Dritter Auftritt.


[55] Andres. Vorige.


ANDRES hereintretend. Ist das heiß hier! Er nimmt sein Tuch ab. Guten Abend. Wickelt das Tuch um das Flintenschloß und lehnt die Flinte neben sich an. Daß sich niemand da vergreift; die Flinte ist geladen. [55] Zum Wirt. Ich weiß nicht, was das ist. Wird mir auf einmal so elend da herum. Ich wollte auf meinen Bruder warten an der Grenze.

WIRT. Machen Sie sich's bequem, Herr Forstgehilfe.

ANDRES. Noch kommt der Wilhelm wohl nicht. Er wirft sich auf eine Bank, legt bald die Arme auf den Tisch und den Kopf darauf.
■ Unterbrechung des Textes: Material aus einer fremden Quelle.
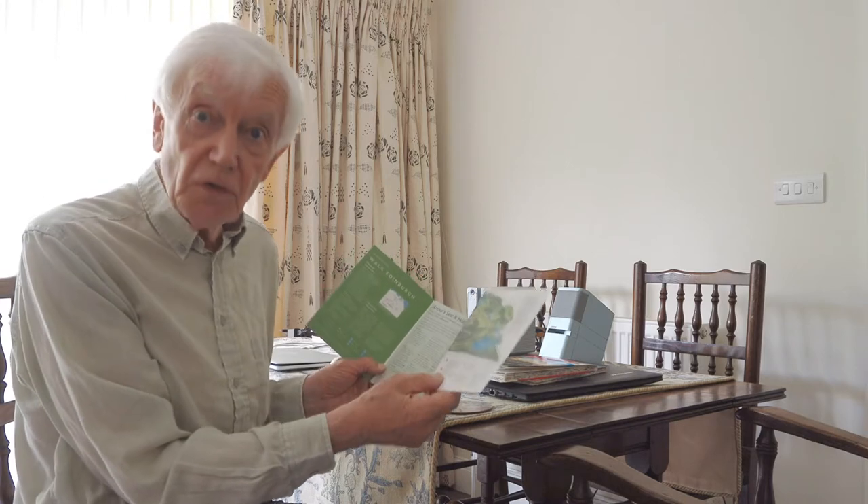Anyway, let's have a look at the programme, shall we? See how I did in difficult situations.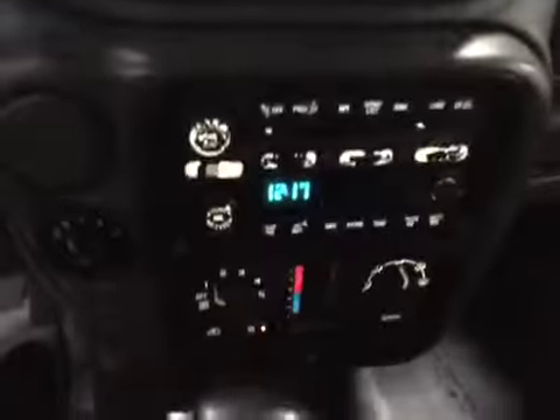Everything is working. The cloth is in pretty good condition all around, and it's got a rear DVD system that is working.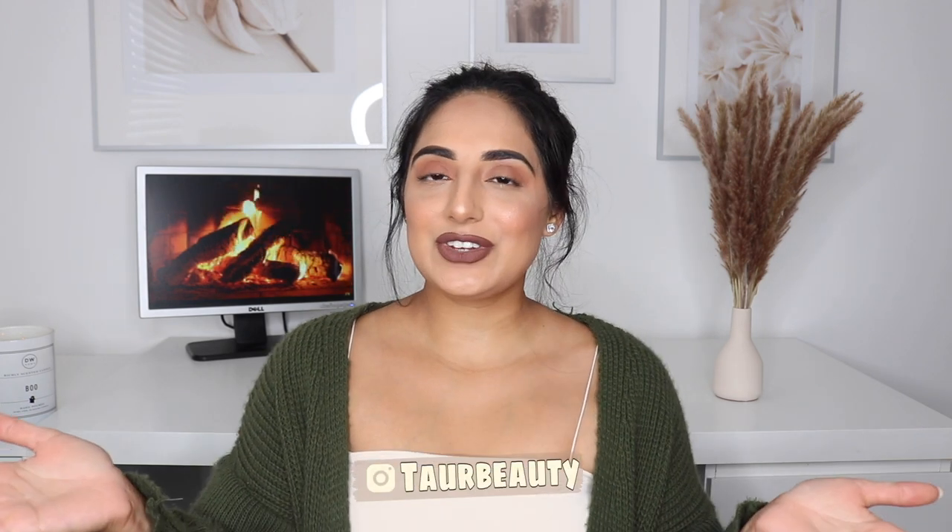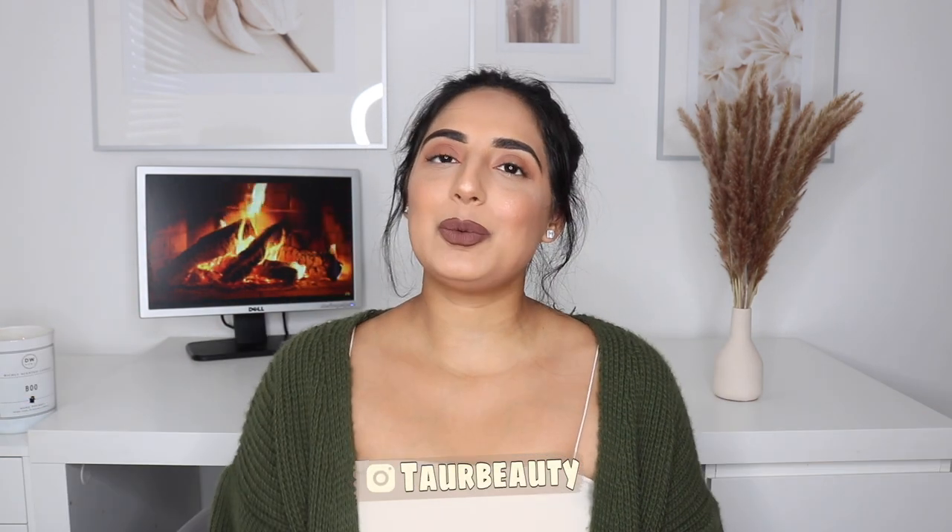Hey, welcome back to another video here on Tour Beauty. In today's video, as the title says, I will be doing an I Saw It First haul. I love clothing hauls - I've had a few on my channel, including home decor hauls and a Pretty Little Thing haul which is linked below, along with the makeup and products I'm wearing today.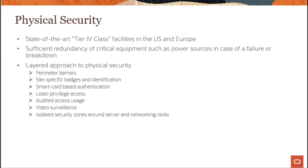There are multiple layers of physical security, including least privileged access, video surveillance, perimeter barriers, and isolated security zones around servers and networking racks.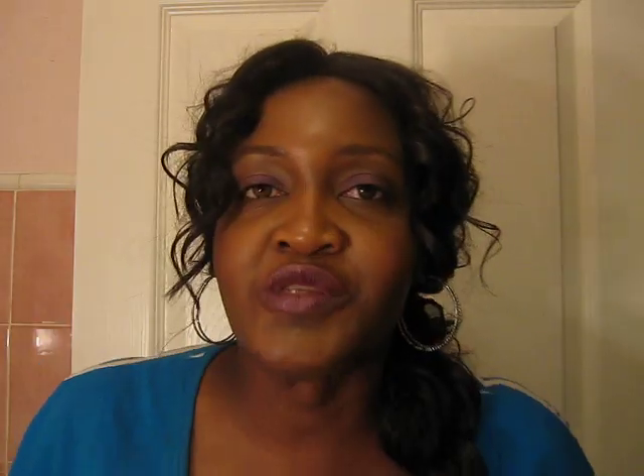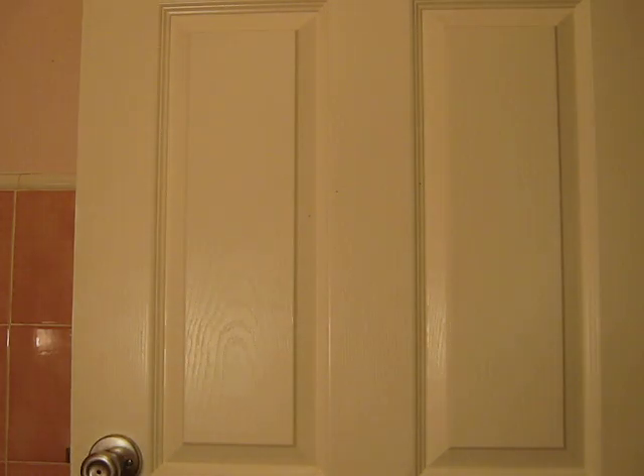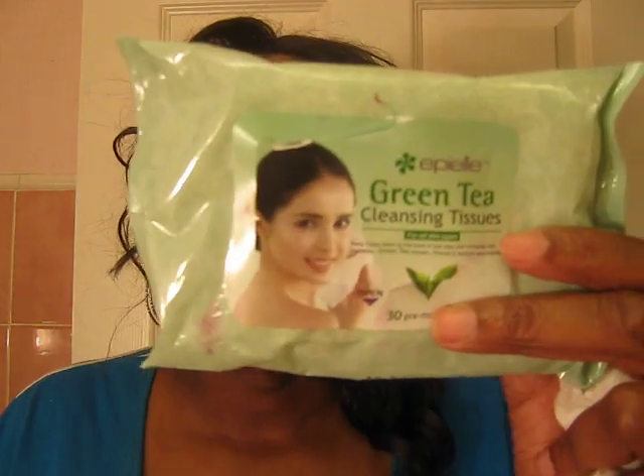Just so you guys know, I'm using my Green Tea Cleansing Tissues. My alarm went off — I didn't expect that. I get these at the 99 cent store by my house and I see them at a lot of 99 cent stores. These wipes are amazing. You don't have to spend a lot of money for quality things, and that's one thing I've really learned here on YouTube — saving and getting quality products for less.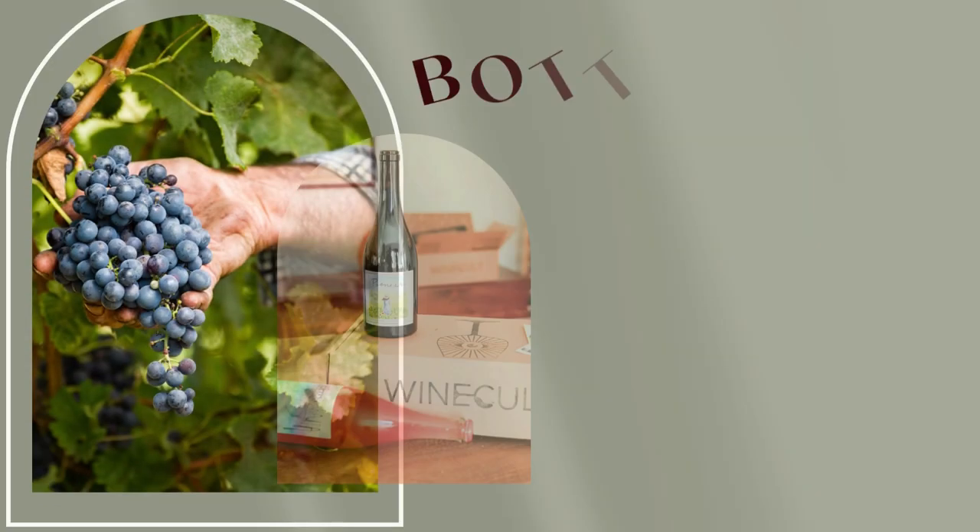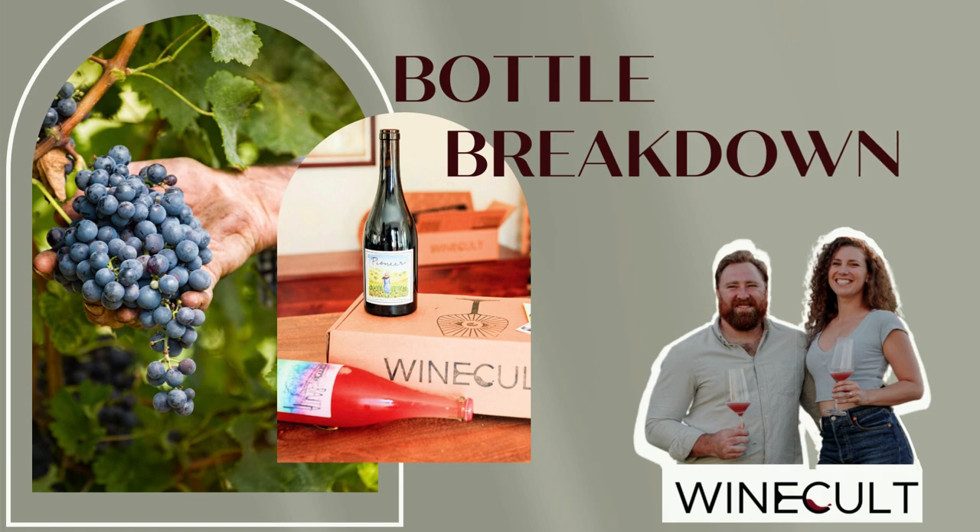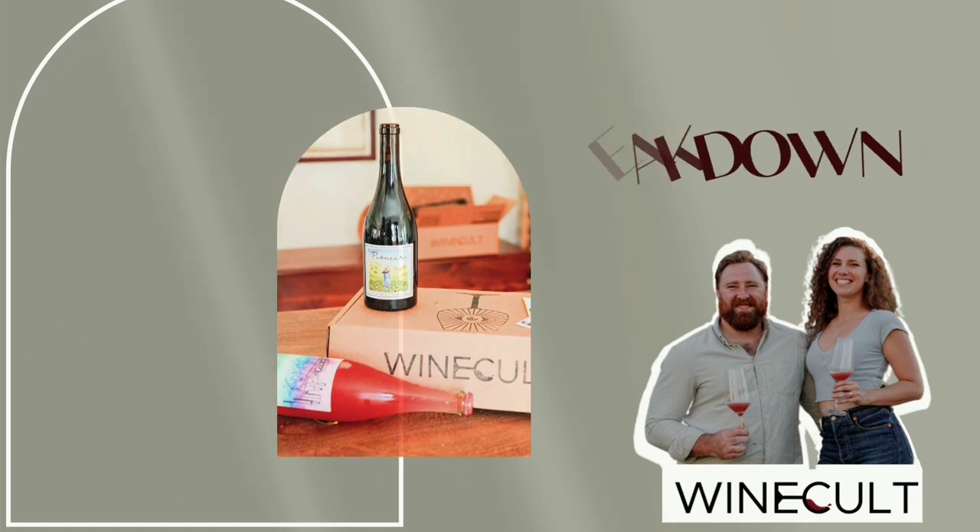Hi guys, this is Aaron from Wine Cult and welcome to another Bottle Breakdown. Today we're talking about the 2021 Milenrama Rioja Blanca, but first make sure to hit that like button and subscribe to the channel.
FREI schlägt sein Glas auf den Tisch auf. Noch eins, Wirt. Und das ist Gnade, daß ich jetzt bei Ihm trinke, wo's noch was kostet. In acht Tagen muß Er schaffen, und kein ehrlicher Mensch braucht Ihm mehr einen Pfennig zu bezahlen dafür, sag' ich Ihm.

LINDENSCHMIED von nun an unverwandt bald nach Andres, bald nach der Flinte schielend. Wenn er einschlief einmal – der da! Über den Tisch gelehnt zu Frei heimlich. Da im Heimlichen Grund, sagt Ihr? – Und meint Ihr auch gewiß, Frei, daß nichts mehr gestraft wird?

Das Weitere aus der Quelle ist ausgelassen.